Harubee – Young Faces, Old Voices
Mohamed Shafraz Hafiz for Maldives Promotion House – A group of young men flood the stage and take their positions. There are around twenty of them. A majority of them carry with them traditional Dhivehi goatskin drums. A flourish, a sharp tap, and a song is breathed into life. It’s sleepy at first but gains momentum like a rolling boulder. The song grows louder, faster, and the crowd sways because they can’t help it.
The beat works itself into their blood. Old voices on young faces sing the bodu beru songs and by the time the crescendo arrives, frenzy inducing, the crowd is ensnared completely. A few of them leap into the space in front of the stage to express their exultation through dance. By the time their hearts slow down it’s time for the next song. This is a typical night for Harubee, Maldives’s premier bodu beru band.
Bodu beru, literally meaning “big drum”, is one of the oldest surviving aspects of Dhivehi culture. It is a form of song based on a beat hammered out on a goatskin drum of traditional design. The tempo almost invariably starts slow and builds up into a crescendo, which is sustained for a while before reaching an abrupt end.
Though they’ve earned the right to it, Harubee shuns their status as a super-band, instead choosing to celebrate their roots and the fans that make them who they are. This warmth translates into the performance as well as the energy that comes from their passion.
Not a single member of Harubee performs full-time. They all work full-time elsewhere and come together as a band only for the passion of bodu beru. Harubee’s philosophy is that performing full-time will make the music feel like a job.
Shihan (Puchu), one of the four main members of Harubee alongside Mamdhooh (Manday), Naushad (Naube), and Shamhan (Joray), explains that the four of them first came together as a band at the end of the 90’s quite circumstantially, when one of them beat a dabiya (a tin pitcher), and the others joined in with song. They soon found themselves performing free at parties purely for the love of bodu beru.
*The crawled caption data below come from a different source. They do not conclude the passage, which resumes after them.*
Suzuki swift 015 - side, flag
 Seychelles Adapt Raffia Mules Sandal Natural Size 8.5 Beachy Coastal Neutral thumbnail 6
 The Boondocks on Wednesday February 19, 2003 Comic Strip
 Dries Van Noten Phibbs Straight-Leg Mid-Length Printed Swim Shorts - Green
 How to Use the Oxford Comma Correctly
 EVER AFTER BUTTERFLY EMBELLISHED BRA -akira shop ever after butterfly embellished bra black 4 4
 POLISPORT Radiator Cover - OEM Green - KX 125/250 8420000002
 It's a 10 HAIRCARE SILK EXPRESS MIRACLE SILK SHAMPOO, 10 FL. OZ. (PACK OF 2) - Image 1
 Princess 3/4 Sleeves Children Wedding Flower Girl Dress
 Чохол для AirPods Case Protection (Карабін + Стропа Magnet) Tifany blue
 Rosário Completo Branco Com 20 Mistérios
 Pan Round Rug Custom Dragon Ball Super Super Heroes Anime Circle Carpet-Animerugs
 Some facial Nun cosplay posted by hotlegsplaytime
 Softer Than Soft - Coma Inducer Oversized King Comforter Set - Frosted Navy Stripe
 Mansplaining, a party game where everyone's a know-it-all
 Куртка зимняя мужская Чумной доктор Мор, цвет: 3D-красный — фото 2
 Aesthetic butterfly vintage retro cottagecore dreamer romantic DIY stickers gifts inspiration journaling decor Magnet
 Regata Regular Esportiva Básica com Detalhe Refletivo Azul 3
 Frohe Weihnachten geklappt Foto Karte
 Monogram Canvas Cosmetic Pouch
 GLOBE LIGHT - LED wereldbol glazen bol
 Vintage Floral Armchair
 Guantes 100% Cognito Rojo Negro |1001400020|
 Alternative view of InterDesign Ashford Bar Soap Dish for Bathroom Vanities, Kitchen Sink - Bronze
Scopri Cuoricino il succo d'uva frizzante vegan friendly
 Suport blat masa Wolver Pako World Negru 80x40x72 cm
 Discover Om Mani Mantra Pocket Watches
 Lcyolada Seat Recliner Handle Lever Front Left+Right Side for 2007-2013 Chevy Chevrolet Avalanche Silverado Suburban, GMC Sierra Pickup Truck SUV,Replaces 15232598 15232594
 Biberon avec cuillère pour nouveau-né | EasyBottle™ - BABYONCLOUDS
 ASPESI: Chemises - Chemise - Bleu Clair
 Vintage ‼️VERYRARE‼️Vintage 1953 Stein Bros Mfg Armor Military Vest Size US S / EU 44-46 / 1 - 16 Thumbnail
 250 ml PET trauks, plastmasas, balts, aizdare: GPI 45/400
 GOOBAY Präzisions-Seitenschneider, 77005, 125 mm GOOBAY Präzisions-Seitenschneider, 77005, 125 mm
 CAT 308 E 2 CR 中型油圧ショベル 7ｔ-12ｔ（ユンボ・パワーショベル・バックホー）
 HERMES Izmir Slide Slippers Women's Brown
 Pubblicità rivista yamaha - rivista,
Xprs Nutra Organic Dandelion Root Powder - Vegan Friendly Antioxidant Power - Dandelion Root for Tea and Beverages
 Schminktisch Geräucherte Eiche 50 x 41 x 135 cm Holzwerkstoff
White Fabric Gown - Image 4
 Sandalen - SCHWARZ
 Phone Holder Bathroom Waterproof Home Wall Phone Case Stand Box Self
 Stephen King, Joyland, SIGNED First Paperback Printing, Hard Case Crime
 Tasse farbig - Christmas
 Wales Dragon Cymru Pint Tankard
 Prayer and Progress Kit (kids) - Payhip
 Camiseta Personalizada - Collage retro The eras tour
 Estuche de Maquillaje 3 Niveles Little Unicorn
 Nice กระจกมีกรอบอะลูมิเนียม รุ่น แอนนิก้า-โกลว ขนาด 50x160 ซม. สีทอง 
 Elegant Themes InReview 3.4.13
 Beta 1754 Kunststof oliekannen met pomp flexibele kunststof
The group officially came to be known as Harubee for their performance at the 2006 Dubai Shopping Festival. Since then, Harubee has gone onto perform at tourism expos, various major events at resorts, and have appeared on National Geographic Channel and the BBC in addition to performing alongside major local artists at live events. Harubee’s first mainstream success came when they won the MNBC Bodu Beru Challenge 2010. Since then Harubee has been performing without respite. This is no small accomplishment, considering that all members work full time, and the line up always depends on who can get time off work for a performance.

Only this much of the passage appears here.